When Newt Gingrich and the Republicans took over the House, they made many changes in US foreign policy that affected me personally in an adverse way.  Of course, Clinton and his Democratic administration had to accept these changes, but the main responsibility lay with the Republican Congress.  First, the Republicans refused to continue to fund the joint science cooperation program that I oversaw as Science Counselor at Embassy Warsaw, the Maria Sklodowska-Curie Fund II.  The US signed a five year agreement to fund the program jointly with the Poles, but refused to pay after three years.  Second, on the day that I was scheduled to leave Warsaw for a new position at the American Embassy in Rome, the Republicans shut the government down in 1995.  While I was saying good-byes around 3:00 or 4:00 in the afternoon with the car packed with all of our belongings, including two dogs.

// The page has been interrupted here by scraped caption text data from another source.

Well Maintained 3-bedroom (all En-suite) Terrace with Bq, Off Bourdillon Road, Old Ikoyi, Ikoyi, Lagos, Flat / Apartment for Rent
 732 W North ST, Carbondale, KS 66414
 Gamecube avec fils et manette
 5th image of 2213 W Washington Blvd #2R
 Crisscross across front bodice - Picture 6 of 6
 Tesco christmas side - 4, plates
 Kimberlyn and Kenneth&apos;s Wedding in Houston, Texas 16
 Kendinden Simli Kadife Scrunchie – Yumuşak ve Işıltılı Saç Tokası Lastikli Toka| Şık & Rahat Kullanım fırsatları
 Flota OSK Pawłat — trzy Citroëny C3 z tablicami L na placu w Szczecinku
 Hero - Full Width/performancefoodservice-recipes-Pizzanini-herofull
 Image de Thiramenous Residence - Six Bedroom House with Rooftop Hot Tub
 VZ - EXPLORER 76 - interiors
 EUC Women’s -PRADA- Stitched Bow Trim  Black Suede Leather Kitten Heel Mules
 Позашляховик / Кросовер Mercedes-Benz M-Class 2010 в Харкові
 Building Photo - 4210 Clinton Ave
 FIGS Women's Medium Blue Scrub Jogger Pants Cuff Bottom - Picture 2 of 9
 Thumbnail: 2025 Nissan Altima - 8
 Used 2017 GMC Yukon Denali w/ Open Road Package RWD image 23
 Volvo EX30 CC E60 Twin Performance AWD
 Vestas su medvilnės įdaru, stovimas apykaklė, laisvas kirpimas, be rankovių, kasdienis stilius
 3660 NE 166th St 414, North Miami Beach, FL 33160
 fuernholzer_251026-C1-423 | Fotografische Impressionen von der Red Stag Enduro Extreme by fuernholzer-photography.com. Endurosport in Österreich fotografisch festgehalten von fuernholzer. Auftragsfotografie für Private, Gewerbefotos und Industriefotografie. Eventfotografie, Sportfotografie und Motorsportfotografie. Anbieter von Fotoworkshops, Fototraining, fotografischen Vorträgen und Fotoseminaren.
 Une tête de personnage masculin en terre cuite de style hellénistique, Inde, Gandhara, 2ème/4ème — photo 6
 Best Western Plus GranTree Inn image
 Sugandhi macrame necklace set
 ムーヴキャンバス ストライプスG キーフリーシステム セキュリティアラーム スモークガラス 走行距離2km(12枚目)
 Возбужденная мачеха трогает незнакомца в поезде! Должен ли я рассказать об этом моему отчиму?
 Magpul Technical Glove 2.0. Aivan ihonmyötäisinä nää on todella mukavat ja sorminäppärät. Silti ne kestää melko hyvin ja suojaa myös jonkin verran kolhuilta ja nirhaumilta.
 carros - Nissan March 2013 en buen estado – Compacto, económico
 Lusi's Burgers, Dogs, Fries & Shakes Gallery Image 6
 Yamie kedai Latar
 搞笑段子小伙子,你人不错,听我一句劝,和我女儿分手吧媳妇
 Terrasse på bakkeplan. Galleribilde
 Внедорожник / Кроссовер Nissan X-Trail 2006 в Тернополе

Embassy Rome called and said not to travel because of the government shutdown.  Third, after I got to Rome, the US Congress refused to appropriate money to fund the US share of the US- North Korean agreement that limited North Korea’s nuclear program, the Korean Peninsula Energy Development Organization (KEDO).  Fourth, a US law barred issuing visas to children of employees of the Italian phone company.  When a phone company executive complained to me about it, I couldn’t believe it, but I confirmed with the head of the consular section that it was true.  

I probably would not have quit in protest, but I was old enough and had enough years of service to retire.  So, I did.  

I sympathize with the Foreign Service officers who are unhappy with the new Trump policies, but I think that you can disagree with policies and yet carry them out.  So far, Trump’s edicts mainly affect consular officers who issue visas.  Other edicts on trade and national security will affect economic and political officers.  I don’t believe that any of Trump’s orders so far are so out of the mainstream that they risk asking diplomats to do anything unlawful.  No one who is not a citizen or permanent resident has any “right” to enter the US, constitutional or otherwise.  US immigration policy over the years has incorporated all kinds of discrimination.  It may be questionable on human rights grounds, but it is not illegal.  In fact, the US has probably engaged in more illegal conduct by not enforcing immigration laws on the books over the years, resulting in millions of “illegal” residents of the US.  Illegality has been the US policy towards immigration for decades.  

While I retired rather than enforce policies that I did not agree with, I don’t blame officers for whatever decision they make: to enforce policy they do not agree with, as long as they are not illegal, or to resign or retire rather than enforce them.  If they don’t leave the service, I don’t think they would criticize the policies publicly, although internal criticism is acceptable.  It is really a part of the normal policy-making process.  Almost every policy is the result of discussion among people who did not completely agree.  In my experience more decisions than most people would expect go to the President for decision, because the various agencies under him cannot agree on a course of action.